Tuesday, January 7, 2014

The problem of contingency

The problem of contingency:  "Why this universe and not some other?"

Tegmark considers that "some subset of all mathematical structures...is endowed with...physical existence" (M. Tegmark, Annals of Physics, 270, pp1-51, 1998). In later papers Tegmark suggests that ALL mathematical structures have physical existence and then that all finite computable structures have physical existence (Foundations of Physics, 38, pp101-50, 2008).

In my view:

Observing (interacting with) the physical world we learn/record a collection of patterns and procedures (action patterns/sequences).
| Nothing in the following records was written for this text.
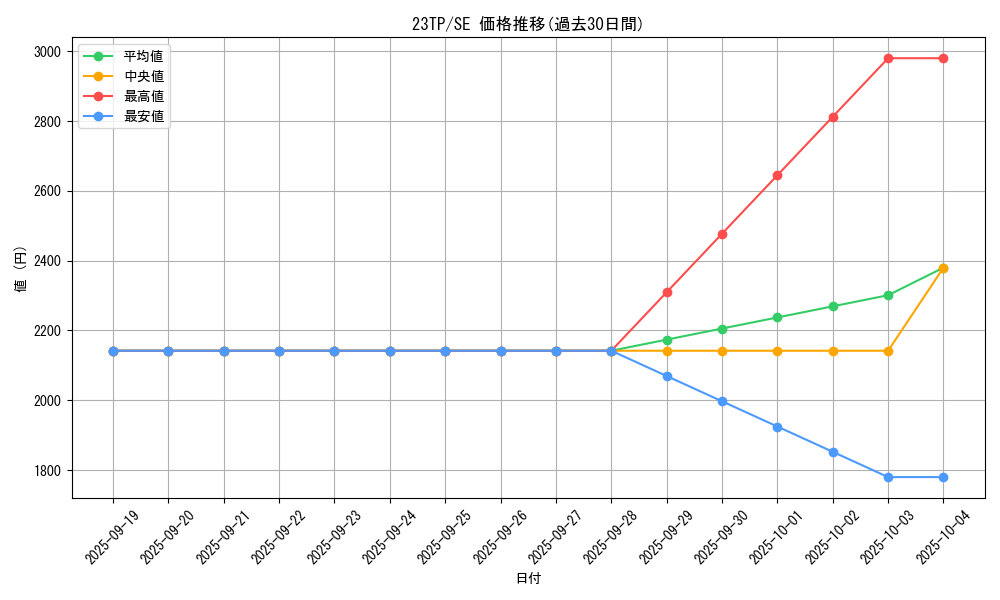 series_5885_rarity_3381_graph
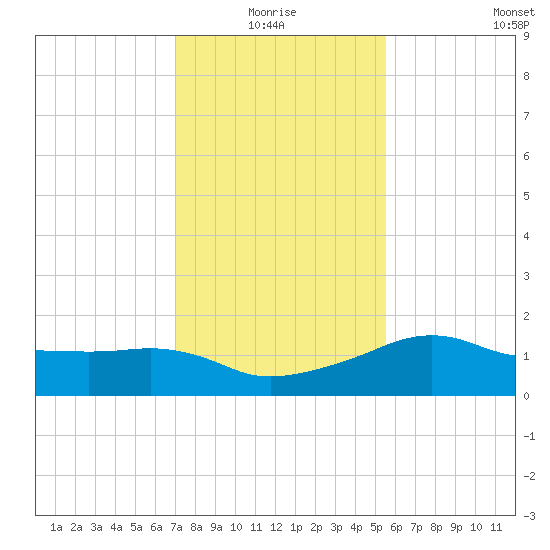 Eugene Island tide chart for Monday, January 18, 2021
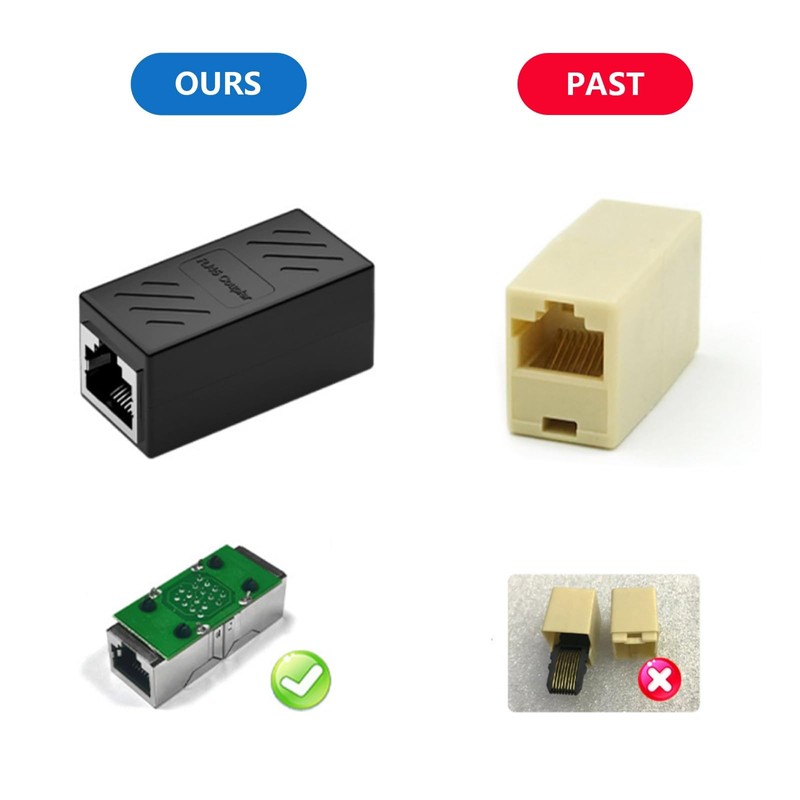 Buaak 12 Pcs RJ45 Coupler, Ethernet Connector, Female to Female,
We learn to count,  to gather objects together (form collections), to add objects to a collection (add), to remove objects from a collection (subtract), to compare collection sizes (equate), to divide collections into a number of equal size smaller sets (divide), etc., etc.  Science studies the patterns we see in the world of our experience, the "physical world."

In mathematics we study patterns, both those we see in the world and any patterns that we choose to make up.  We combine elementary patterns, divide them up, recombine, etc.  Some of what we compose is then found to occur in the world, some is not.  (We see horns in the world.  We see ponies in the world.  We combine these to form unicorns.  We don't happen to find unicorns in the world of our experience.)

My artificial intelligence Asa H thinks in this same way.